◆ **Input data**
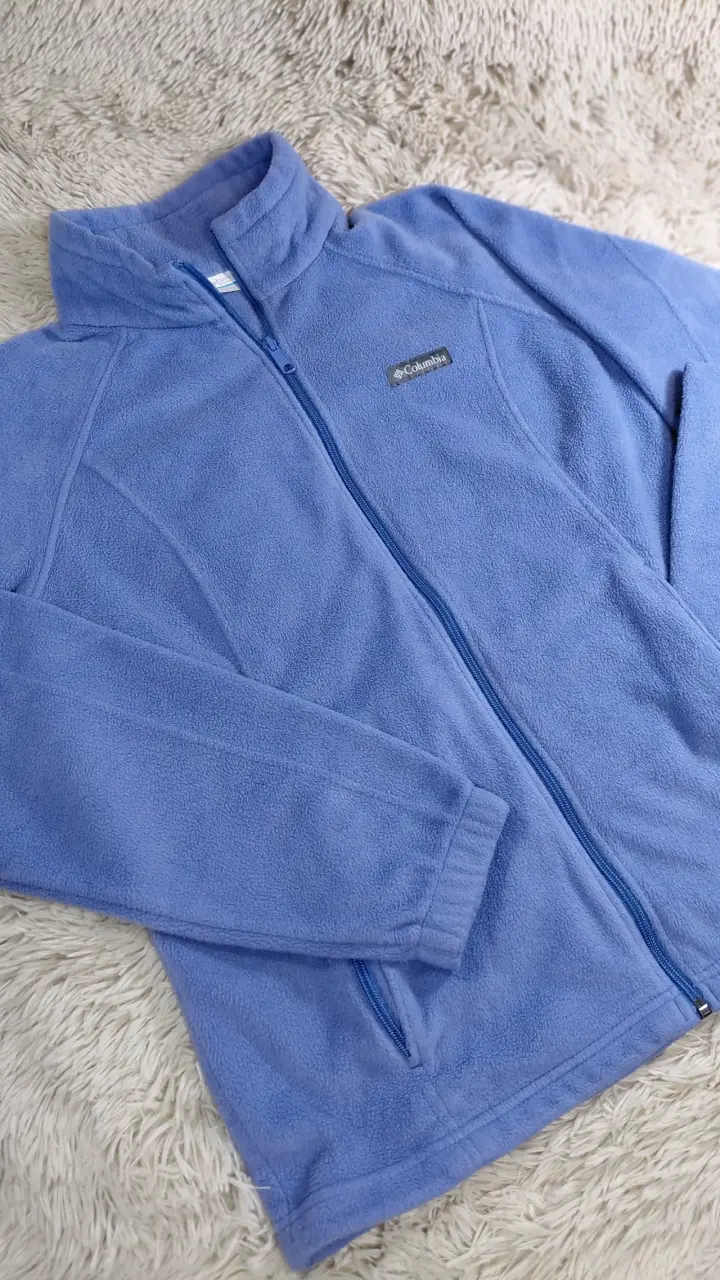 Polar azul Columbia con cierre ,XL - 4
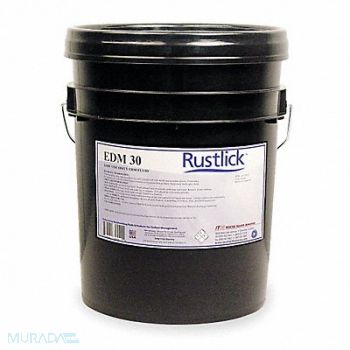 RUSTLICK Discharge Machining Fluid 5 gal Bucket, 1C191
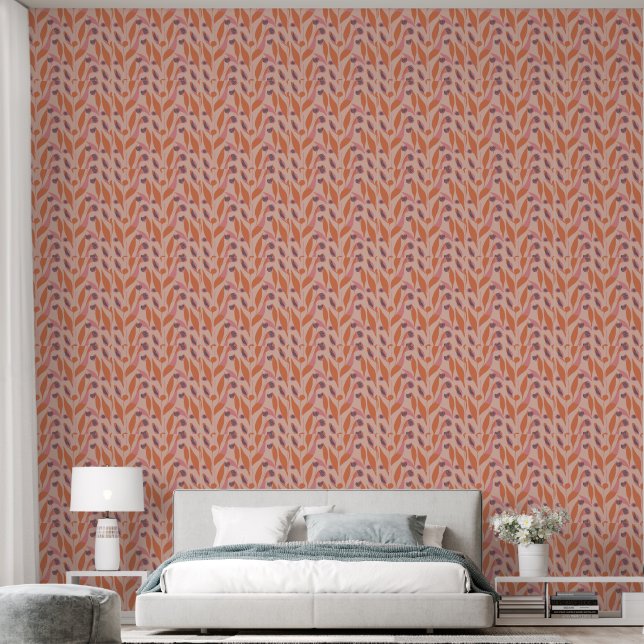 Fleur Echo Wallpaper (Bedroom)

◆ **Requirement**
Starting at the line that contains "RUSTLICK Discharge Machining", transcribe every line through the end of the listing exactly, including both end lines and excluding pictures.

◆ **Answer**
 RUSTLICK Discharge Machining Fluid 5 gal Bucket, 1C191
 Fleur Echo Wallpaper (Bedroom)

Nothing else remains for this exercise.